-- EXERCISE REQUIREMENTS --
Find the line below with "a large kitchen" and the line with "Ill get so many". Output exactly those lines and everything between them, leaving out the pictures.

-- DATASET EXTRACT --
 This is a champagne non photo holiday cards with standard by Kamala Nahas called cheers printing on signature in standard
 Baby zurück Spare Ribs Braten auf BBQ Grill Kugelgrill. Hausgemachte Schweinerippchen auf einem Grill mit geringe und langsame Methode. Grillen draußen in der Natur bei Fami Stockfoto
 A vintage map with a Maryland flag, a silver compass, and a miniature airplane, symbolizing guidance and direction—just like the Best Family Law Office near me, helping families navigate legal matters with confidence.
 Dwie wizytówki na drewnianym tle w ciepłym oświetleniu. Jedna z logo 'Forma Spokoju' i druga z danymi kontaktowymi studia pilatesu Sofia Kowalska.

---

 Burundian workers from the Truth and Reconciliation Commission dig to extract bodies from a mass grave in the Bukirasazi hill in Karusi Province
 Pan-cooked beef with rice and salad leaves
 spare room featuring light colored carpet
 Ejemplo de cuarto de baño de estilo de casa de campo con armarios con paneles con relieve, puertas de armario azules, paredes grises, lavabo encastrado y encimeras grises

* * *

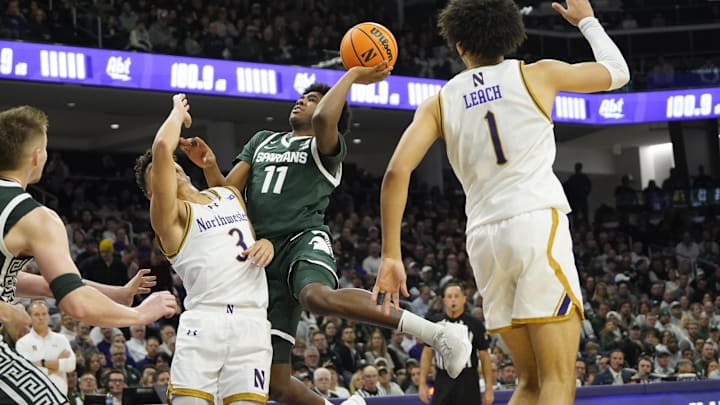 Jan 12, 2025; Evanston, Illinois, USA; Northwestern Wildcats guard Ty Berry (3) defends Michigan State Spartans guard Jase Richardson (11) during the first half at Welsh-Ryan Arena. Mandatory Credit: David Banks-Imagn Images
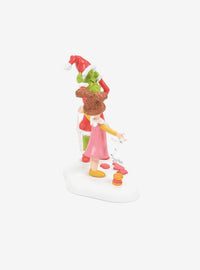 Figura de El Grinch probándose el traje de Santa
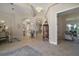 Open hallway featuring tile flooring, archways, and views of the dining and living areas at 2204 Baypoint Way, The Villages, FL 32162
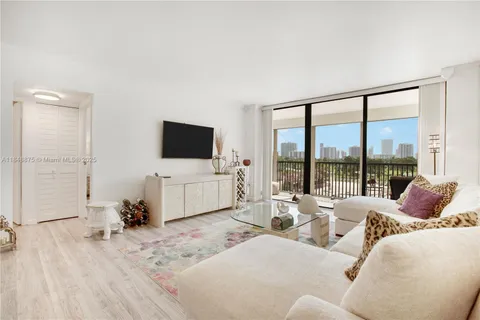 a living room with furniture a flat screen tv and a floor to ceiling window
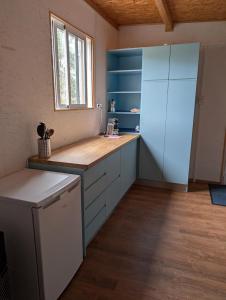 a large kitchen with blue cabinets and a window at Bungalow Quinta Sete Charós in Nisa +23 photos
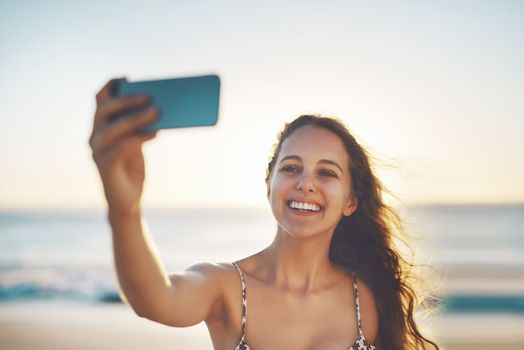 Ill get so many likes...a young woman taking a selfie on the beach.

-- PROBLEM SOLUTION --
 a large kitchen with blue cabinets and a window at Bungalow Quinta Sete Charós in Nisa +23 photos
 Ill get so many likes...a young woman taking a selfie on the beach.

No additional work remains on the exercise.